As we can see, the `Table` read method has parsed that record array and created something similar to the `pandas` display we saw above; column headers with names, and a cleaner interface for viewing the data. We can now filter, if needed. Let'a find all sources within a narrow redshift ($z$) range.

In [50]:
filtered = table[(table['Z']>0.02)&(table['Z']<0.021)]
len(filtered)

2070

Don't worry about the syntax of that filtering yet, if you're unfamiliar, but an english translation might be "set the variable `filtered` to the table, indexed for rows such that the column `table['Z']` has a value greater than 0.02 and also such that the column `table['Z']` has a value less than 0.021." 

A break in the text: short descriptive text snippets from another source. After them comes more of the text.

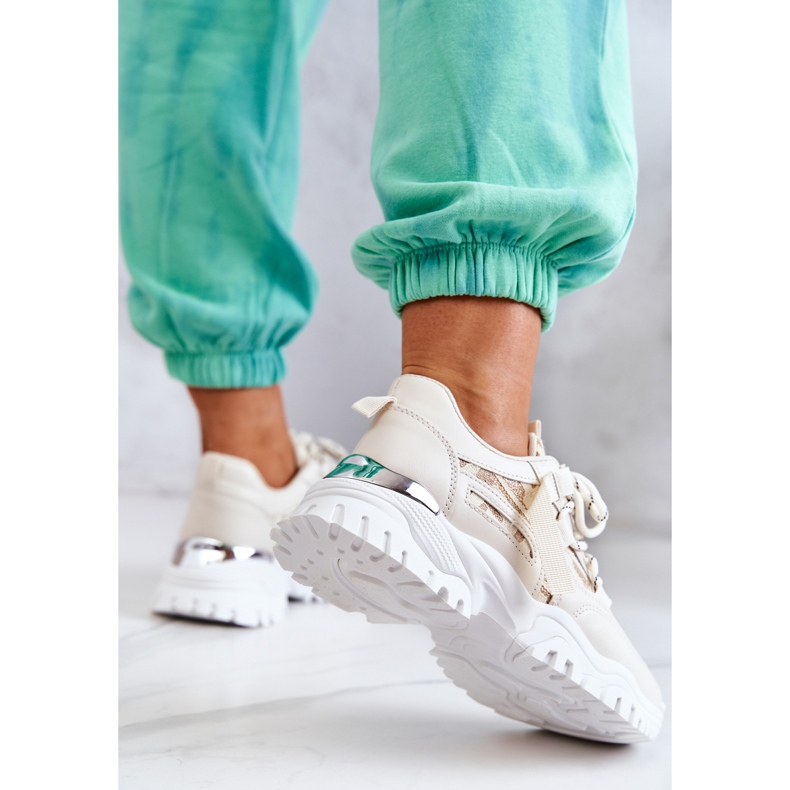 Tênis em uma sola maciça bege seu estilo 1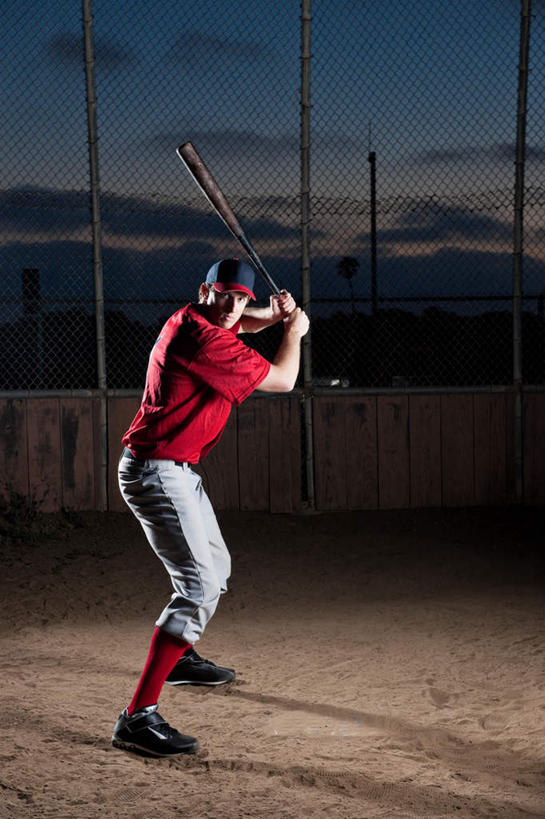 西方人,一个人,竖图,室外,白天,侧面,运动服,锻炼,运动,棒球,垒球,日落,欧洲,欧洲人,仅一个男性,仅一个人,握,服装,球杆,晚霞,霞光,云,云朵,落日,拿,云彩,拿着,球,仅一个年轻男性,衣服,蓝色,白云,蓝天,天空,黄昏,天,彩霞,握着,服饰,晴朗,衣着,穿着,衣饰,夕照,体育,男人,男性,年轻男性,白种人,晴空,夕阳,彩图,全身,健身,斜阳,运动装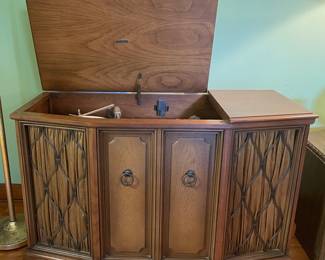 Zenith console stereo--radio working, speakers good, turntable needs new belt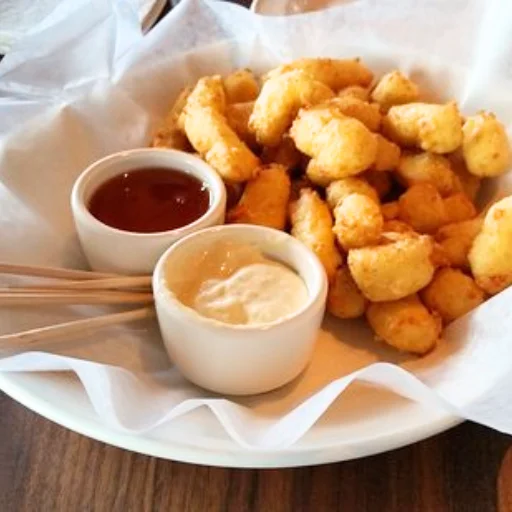 Wisconsin Fried Cheese Curds ​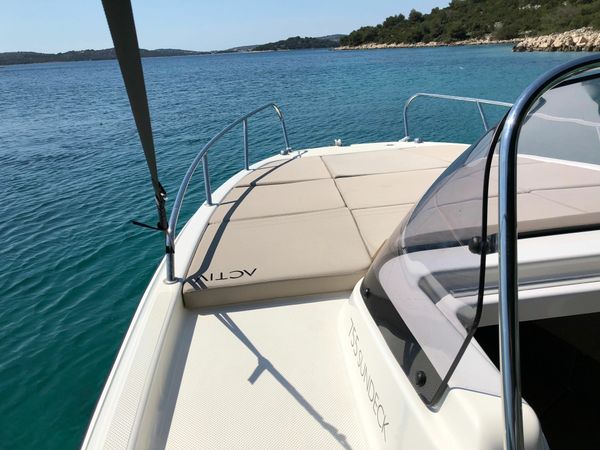 Quicksilver 755 | SunDeck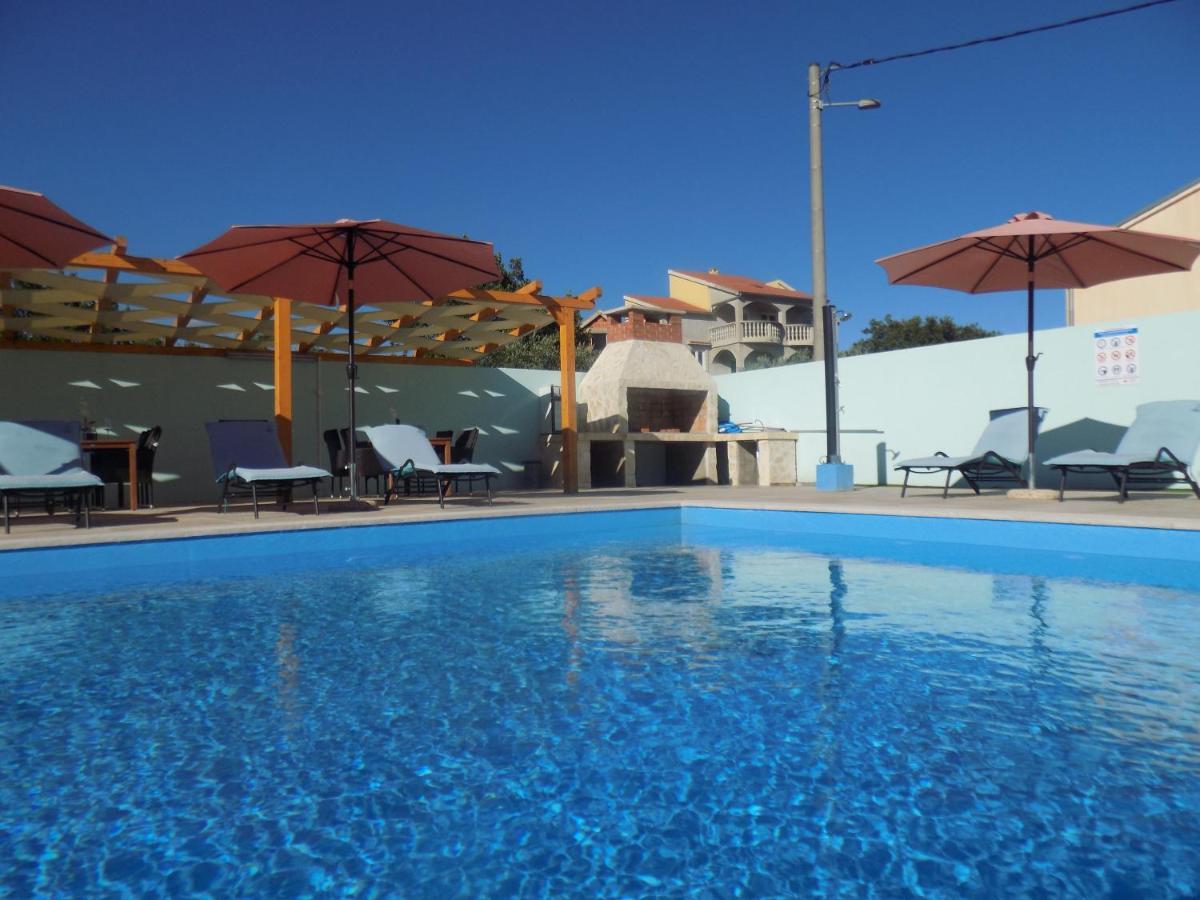 Apartmani Galic Maslenica Buitenkant foto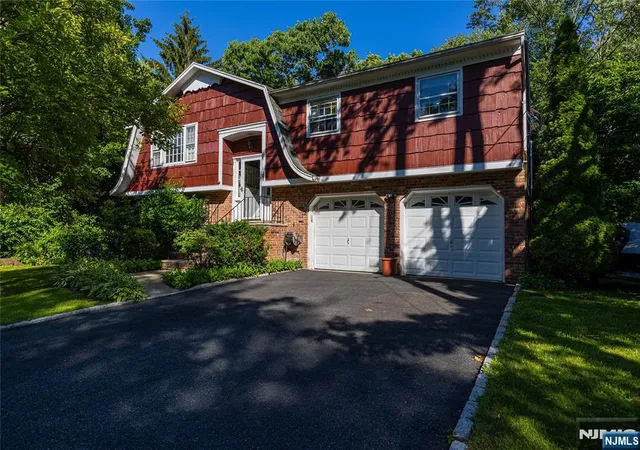 Photo 3 of Single family home for sale at 52 Aspen Ln, West Milford, NJ 07480 | MLS# 26033276 | Listing updated on 2026-10-13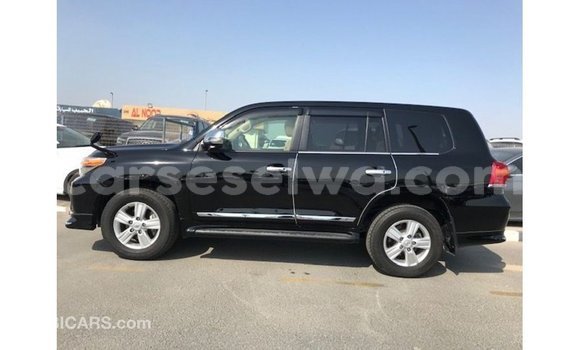 Buy Import Toyota Land Cruiser Black Car in Import - Dubai in East Mahé Buy Import Toyota Land Cruiser Black Car in Import - Dubai in East Mahé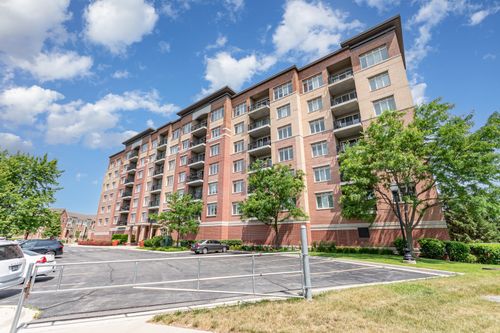 unit-305-1199 E Port Clinton Rd, Vernon Hills, IL, 60061-1250 | Card Image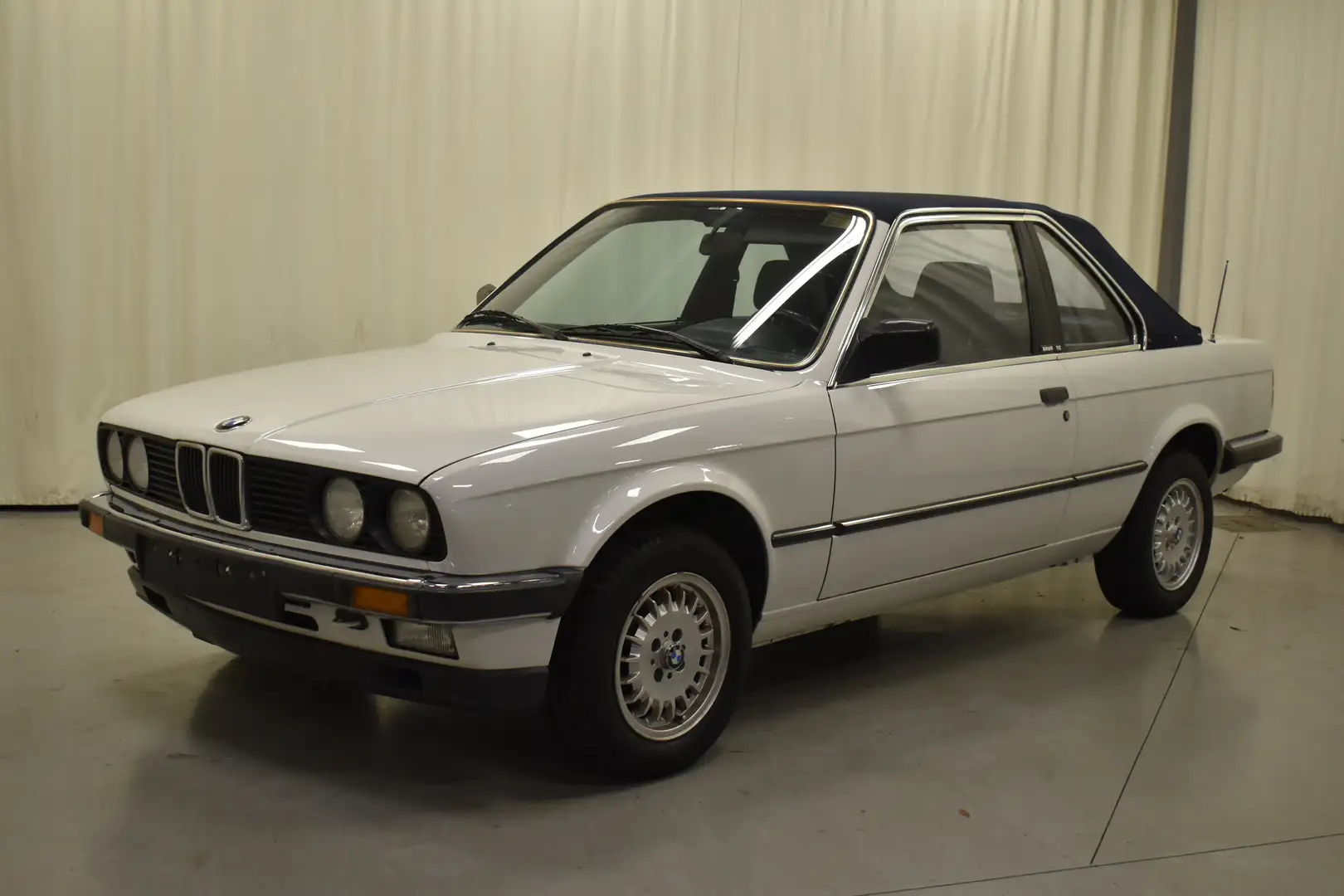 BMW 318 Baur Blanc - 1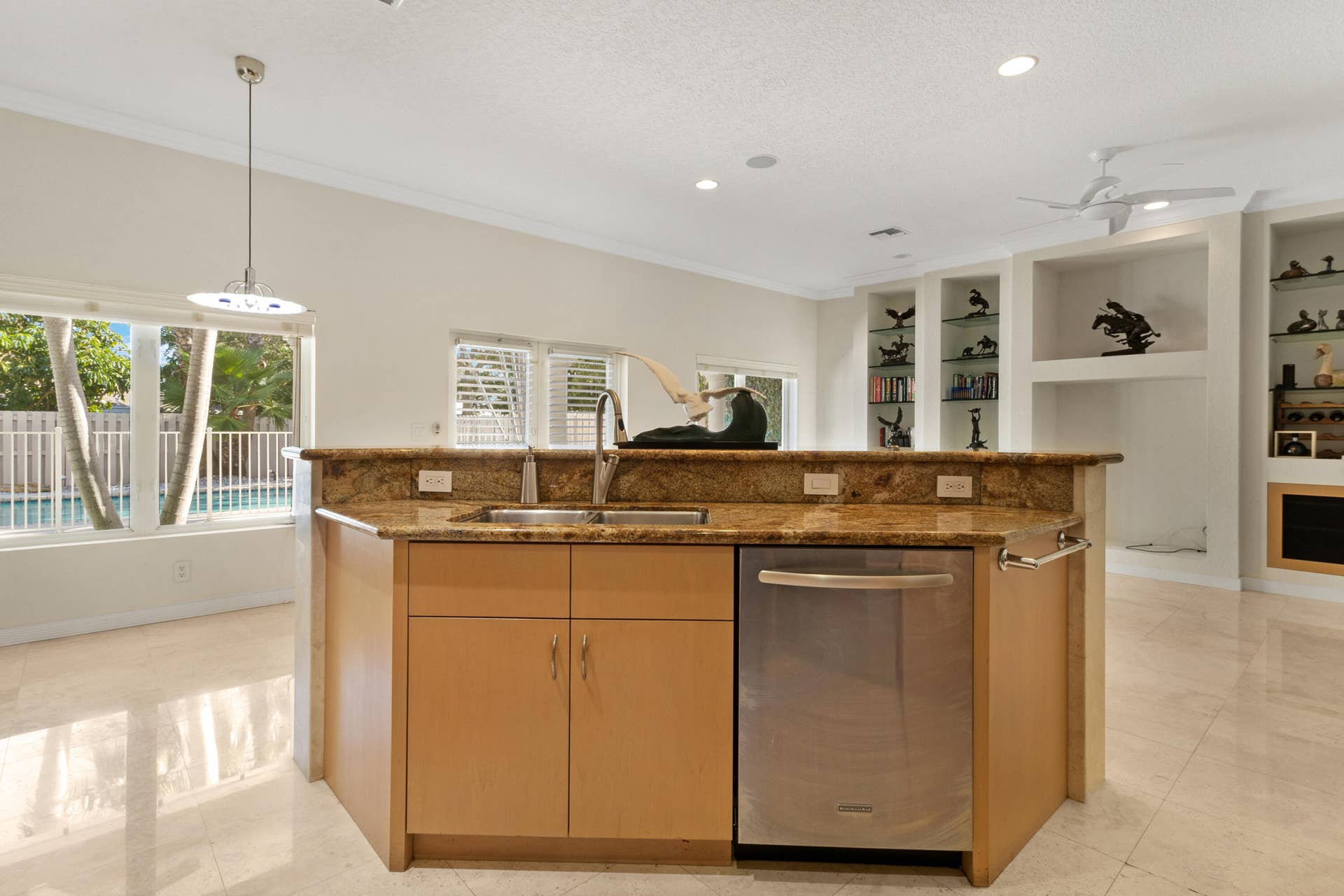 11_hd-4517 ne 21st ave apt 4 -11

You might be wondering when to use `pandas` vs `astropy.Table`s to work with your data --- in truth, you can convert between them fairly easily, so whichever you are more comfortable with will ultimately be fine.

:::{note}
One caveat to this is that `pandas` cannot handle "cells" with multi-dimensional values, e.g., a row-column position can't have a value of a whole array. Some astronomical tables, *because* `astropy.Tables` can handle this, will store data that way. NSA is an example. Often, however, we only need a few columns, so whichever method we use to read the data in, we can extract those columns, create our own table, and move on.
:::

## ASDF (Advanced Science Data Format)

One new and up-and-coming data storage option is the `asdf` format. It is convenient because it stores data in a tree-like structure that, from the outside, looks exactly like a Python dictionary. This means that when we want to take some data we've been working with and save it to a file, instead of trying to format everything into columns and writing an ascii file, we can simply store things by column name in a dictionary and then drop it straight into the file:

In [None]:
import asdf
from asdf import AsdfFile
import numpy as np

tree = {
    'a': np.arange(0, 10),
    'b': np.arange(10, 20)
}

target = AsdfFile(tree)
target.write_to('target.asdf')

As we can see, any arrays we are working with we can name, drop into the tree dictionary, and ultimately write to the file. We can also add metadata -- either directly into the tree, or into a metadata dictionary which then gets added to the tree. Opening an `asdf` file is also simple:

In [None]:
with asdf.open("example.asdf") as af:
    tree = af.tree

This \code{tree} attribute contains the dictionary we saved above, so everything pops right back out. 

There's a lot more to `asdf` in terms of motivation and capability, but for our purposes at present, the important part is knowing how to pack and save, then open and unpack, data with this format. 

## HDF5 (Hierarchical Data Format 5)

The `hdf5` format is another new, semi-popular file standard. It structures its interior like a full file directory system, with "folders" and "files". To deal with `hdf5` files in Python, we need to use the `h5py` package, which handles the I/O operation for us. 

In [None]:
import h5py

f = h5py.File('example.hdf5', 'r') 
data_keys = list(f.keys())

From here, things will change depending on the file --- HDF5 stores things in "datasets," whose names will appear in that list of keys we just accessed. Assuming our example file key list had "dataset1" as one of the keys, we would then have

In [None]:
dataset1 = f['dataset1']

This dataset would be an object similar to, but not exactly, a `numpy` array. This object can be indexed and sliced like a `numpy` array. For many frameworks, however, it is beneficial to extract and convert these datasets into `numpy` before continuing further.

:::{tip}
More on datasets can be found here: https://docs.h5py.org/en/stable/high/dataset.html#dataset
:::